EPA is in the process of finalizing a regulation that – if left unchanged – could increase energy costs for American families and businesses across the country and actually hurt our country’s climate leadership.
AXPC companies are focused on reducing methane emissions from their operations and support effective and reasonable regulation of methane that balances the essential value of US oil and natural gas production with the global challenge of addressing climate change.
The men and women of our industry are committed to producing the affordable and reliable energy that our country — and the world— needs, while also reducing emissions by developing and investing in innovative new technologies. In fact, the US not only leads the world in responsible production, we also have one of the lowest emissions intensities coupled with the highest production.

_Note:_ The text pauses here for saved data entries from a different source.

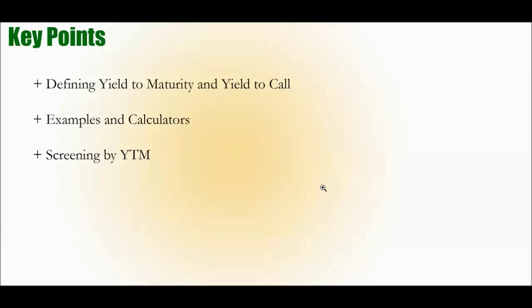Key points. We'll start by defining yield to maturity and yield to call. We'll take a look at some example calculations and calculators, and then we'll see how all this information can be applied by using a yield to maturity screener and a bond screener.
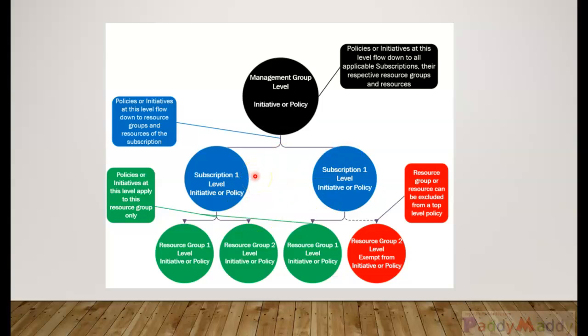So what we can do is once we have individual policies, an initiative is a way to group together these multiple policies and group them based on all the policies that are tailored towards achieving a single goal.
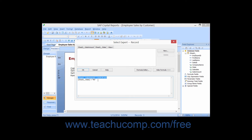Notice that each filter displays as a separate line within the large white text box, and each line is joined by the word AND. You can choose to join two filters together with the OR condition by simply clicking into the text box and replacing the word AND with the word OR between the two conditions, where you want to display records that match either one filter or the other.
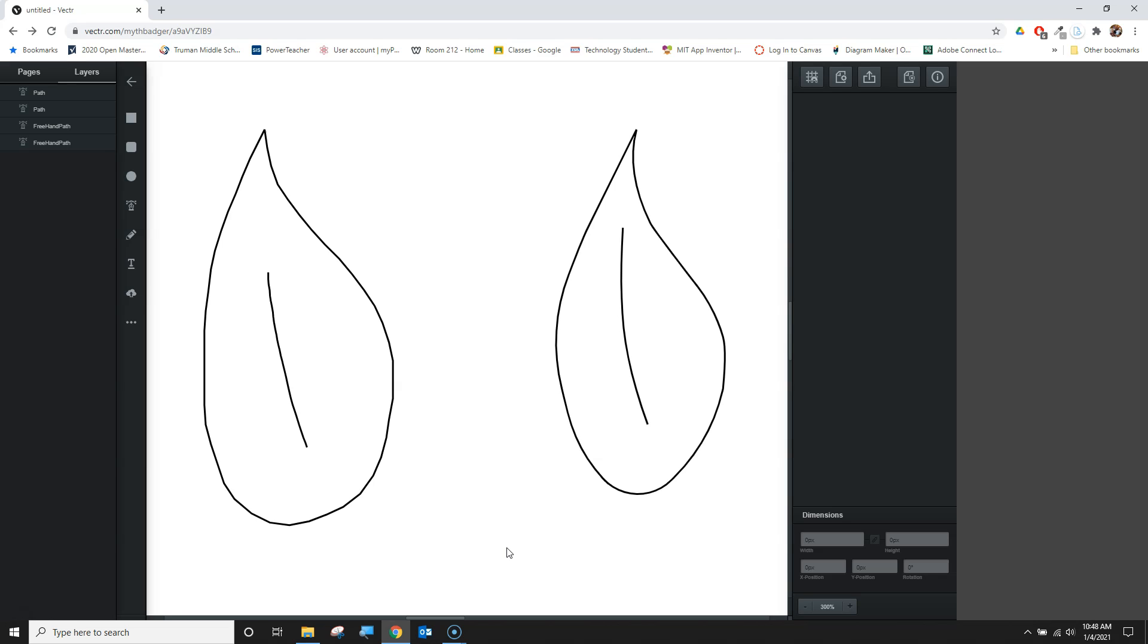Feel free to explore this. Try making your own leaves so you can understand how they work. And thank you for watching. Feel free to hit that subscribe button to keep up with all of our content here at MythBadger Videos.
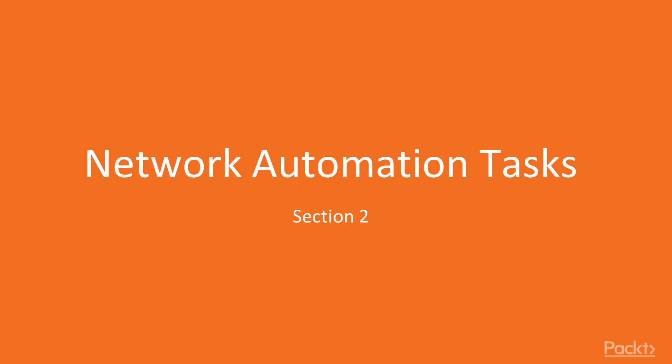Welcome, this is the second section of our Enterprise Automation in Python course. In this second section, we will see how to automate network tasks, so this is a network automation task section.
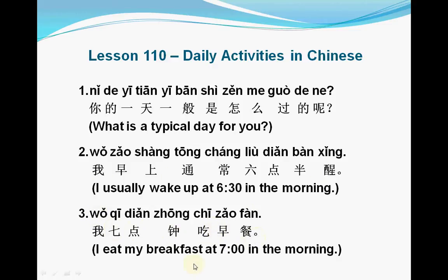The next sentence: 我七点钟吃早餐。 七点钟 means 'seven o'clock', 吃 means 'eat' or 'have', 早餐 means 'breakfast'. So the sentence means: I have breakfast at seven o'clock.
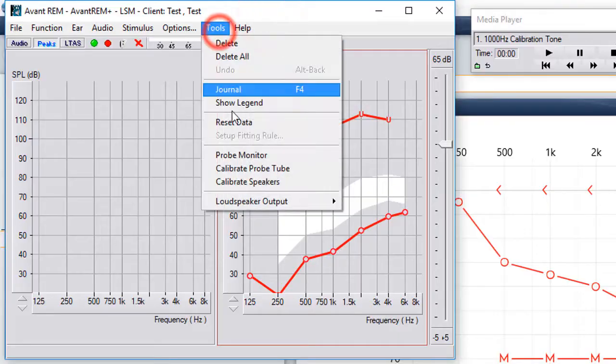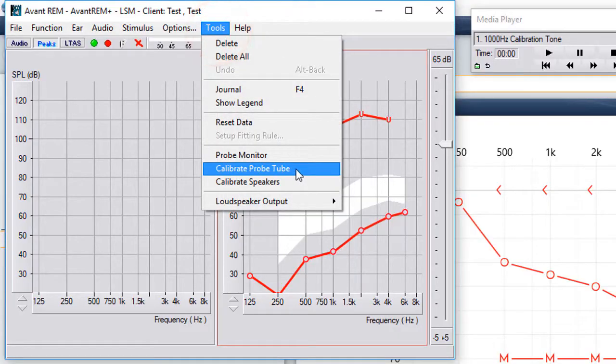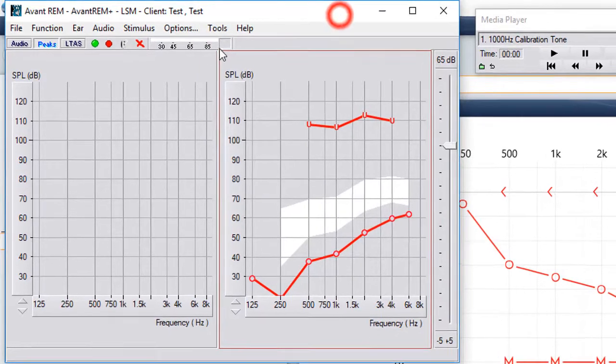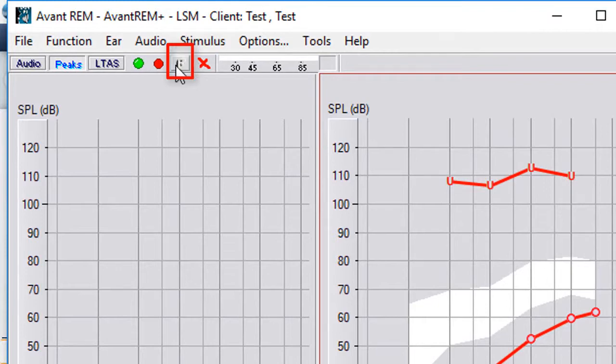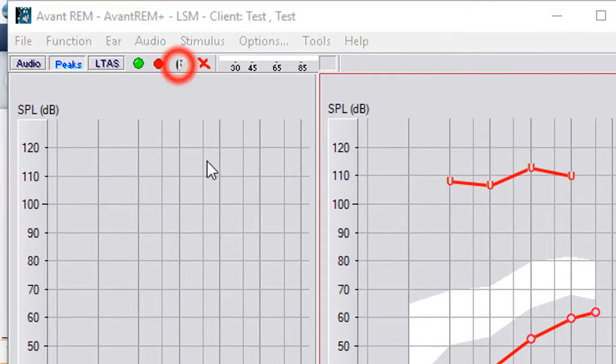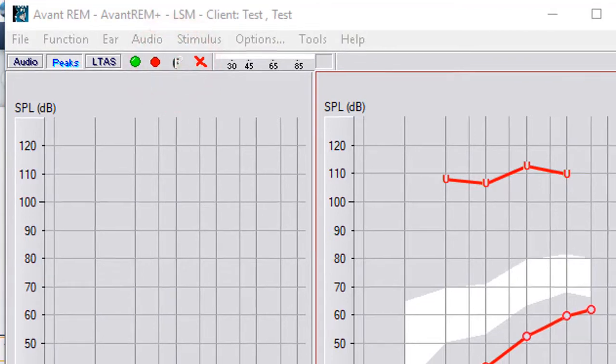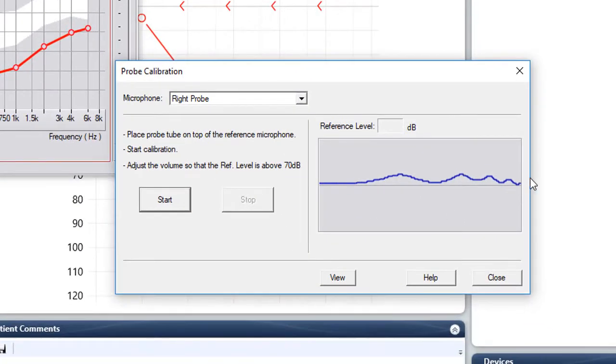Now we're going to go back to tools, calibrate probe tube. Or there's actually a hot button right here that you can click on and it's going to pull up your probe calibration.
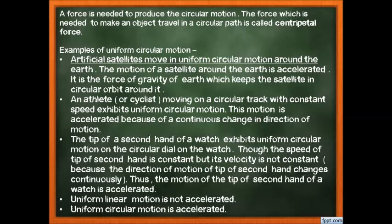Third example: the tip of the second hand of a watch exhibits uniform circular motion. The speed of the tip is constant, but velocity is non-constant because direction changes continuously — so it is accelerated motion. Uniform linear motion, however, is not accelerated, because in a straight line at constant speed there is no change in velocity.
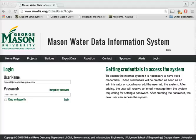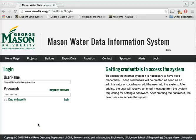Hey everyone, this is Krathika Jain. Today in this video, we are going to learn about how to add a new site for a project under Mason Water Data Information System. To add a new site, let's log into the internal system with valid credentials.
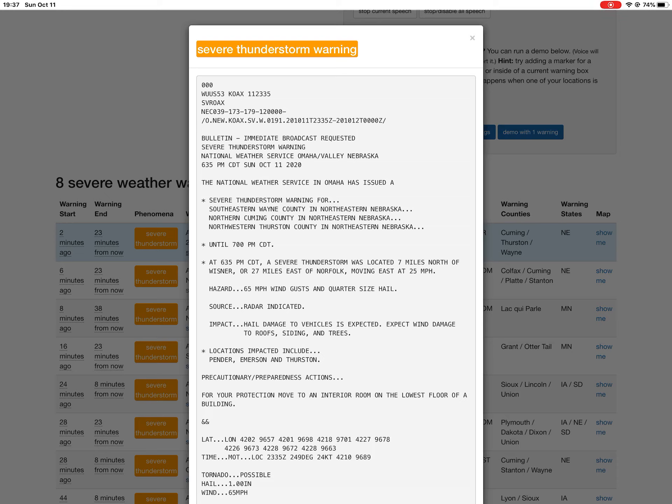Attention: the National Weather Service in Omaha has issued a severe thunderstorm warning for southeastern Wing County in northeastern Nebraska, northern Cumming County in northeastern Nebraska, northwestern Thurston County in northeastern Nebraska, until 7:00 p.m. Central Time.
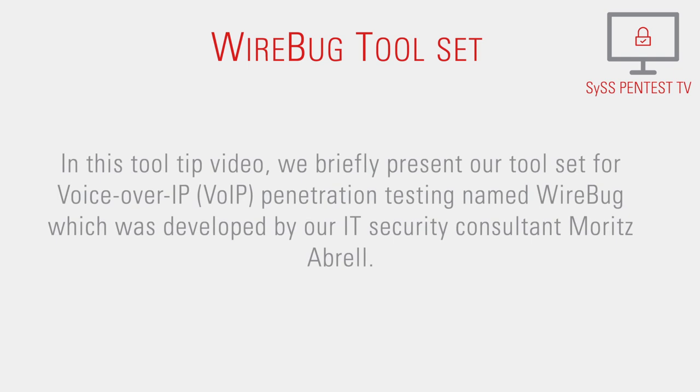In this tool tip video, we briefly present our toolset for voice-over-IP penetration testing named Wirebug, which was developed by our IT security consultant Moritz Abrell.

Notably, average methane emissions intensity declined by nearly 66 percent across all seven major US onshore producing regions from 2011 to 2021 due to our industry’s commitment to constant improvement and innovative solutions. The International Energy Administration (IEA) has reported that only five other producing countries have a lower methane factor – but the US produces more than all five of these countries combined.
However, EPA’s new methane rule, as proposed, could harm producers’ ability to meet demand for American energy, and our industry’s ability to invest in innovative new technologies.

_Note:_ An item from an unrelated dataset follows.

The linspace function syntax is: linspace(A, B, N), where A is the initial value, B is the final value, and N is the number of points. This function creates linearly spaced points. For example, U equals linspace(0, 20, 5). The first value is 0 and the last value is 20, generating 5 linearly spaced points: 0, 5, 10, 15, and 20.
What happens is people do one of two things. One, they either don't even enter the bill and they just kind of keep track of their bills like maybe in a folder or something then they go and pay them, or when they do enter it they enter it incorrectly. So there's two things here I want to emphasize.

If EPA’s rule is left unchanged, it will reduce domestic production of oil and natural gas, which will increase everyone’s energy costs. Despite EPA’s intention of allowing new technologies, it would disincentivize new emissions-reductions technologies that have been more efficient at finding bigger leaks faster, so operators can address them. It will add multiple new layers of regulations, in some cases conflict with other regulatory mandates, and compound compliance costs and burdens.
Additionally, some of the rule’s provisions contain very prescriptive requirements on unrealistic implementation timelines. For example, the rule requires a transition of all sites to zero emitting pneumatics, within 60 days for new facilities. Not only is that timeline practically infeasible, the lack of operational flexibility for equipment used creates unintended consequences that include shifting emissions elsewhere, trading methane reductions for increases in other criteria pollutants, and in some cases pushing wells past their economic breaking points. This could lead to premature shut-ins and stranded reserves that might cause smaller companies to become insolvent, leading to lost jobs and increased burdens on the American taxpayer.

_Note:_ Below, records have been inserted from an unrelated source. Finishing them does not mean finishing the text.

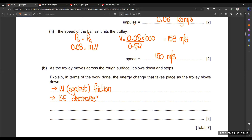The kinetic energy decreases to zero after some time, and the trolley stops. The energy is converted into thermal energy. The question is worth three marks, so all three points are needed: work done against friction, decrease in kinetic energy, and conversion to thermal energy.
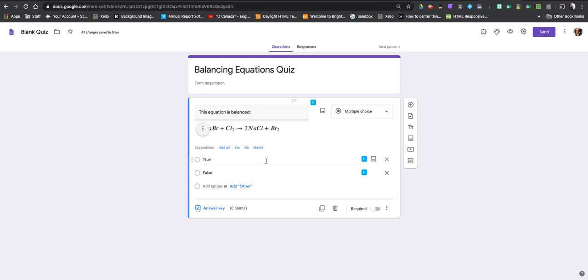Alright so hopefully this helps you with using EquatIO with Google Forms and in particular I did use a quiz tool here so that we can lock it down so that students can have that quiz environment versus just doing a survey using Google Forms.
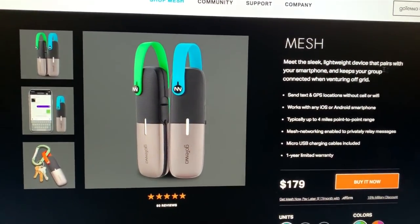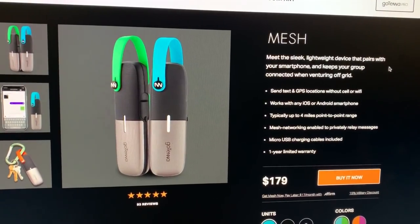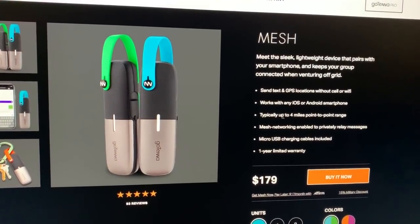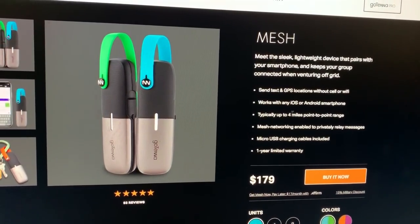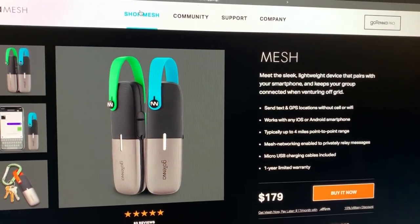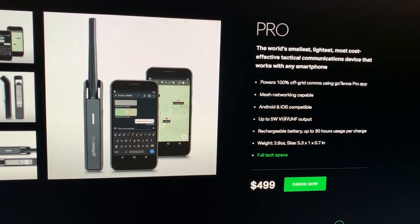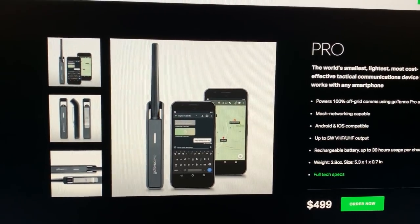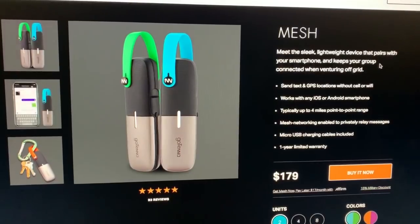We tried the GoTenna when it first came out and were so disappointed. We tried it with line of sight and barely got a quarter of a mile, even though it claims up to four miles point-to-point range. They do have a Pro model that says five watts VHF/UHF, which might be worth looking into. But as far as the baseline GoTenna Mesh goes, this is not something I would personally recommend.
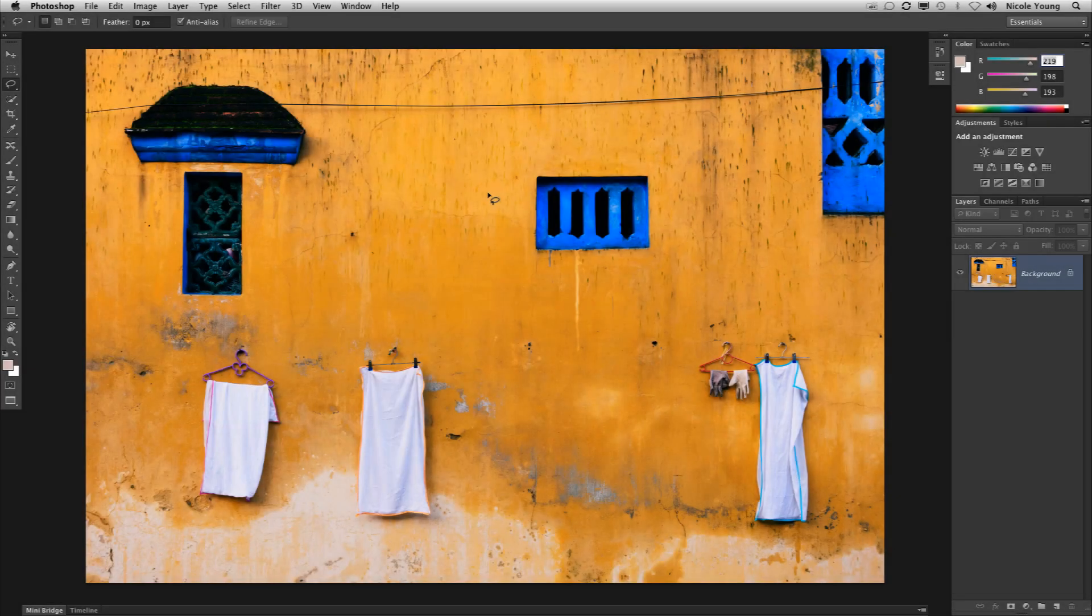Hi, Nicole Young here with a quick tip on one of Photoshop CS6's brand new features, the Content-Aware Move Tool.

Even EPA acknowledges that its proposed methane rule will have negative impacts on oil and natural gas production, resulting in a significant, adverse impact to American energy production. If the rule is finalized, EPA estimates that the United States in 2026 will produce almost 21 million fewer barrels of oil and 258 million fewer Mcf (thousand cubic feet) of natural gas a year. Additionally, by EPA’s estimates, the rule will impose over $14 billion in compliance costs making it one of the most expensive federal regulations of all time. If the flaws in the rule are not addressed, it will not only drive-up energy costs, it will also impede our ability to support our allies’ energy needs.
As part of the public engagement process, AXPC has offered EPA solutions for a more workable, legally defensible final rule. We encourage EPA to ensure the final rule allows for more operational flexibility for companies to choose the best alternative for net emissions reductions, provide more time for the industry to train workers and to acquire the necessary equipment for navigating today’s supply chain challenges and what will be an exponentially expanded demand, and to be able to physically redesign facilities to meet these new standards. We also encourage EPA to fully consider the economic burden of their rules to the American people – both from increased energy bills and premature shut-ins with the potential creation of a new generation of orphaned wells.
Revising the methane proposal will also help avoid significant implementation challenges for industry and EPA and avoid shifting production of oil and natural gas overseas, where there are less consistent, often less robust environmental protections – a risk to the Biden Administration’s climate goals.
The policies and regulations implemented by this Administration now could be both the most stringent in the world, while also workable of industry, or they could create devastating economic, climate, and energy security effects for years to come.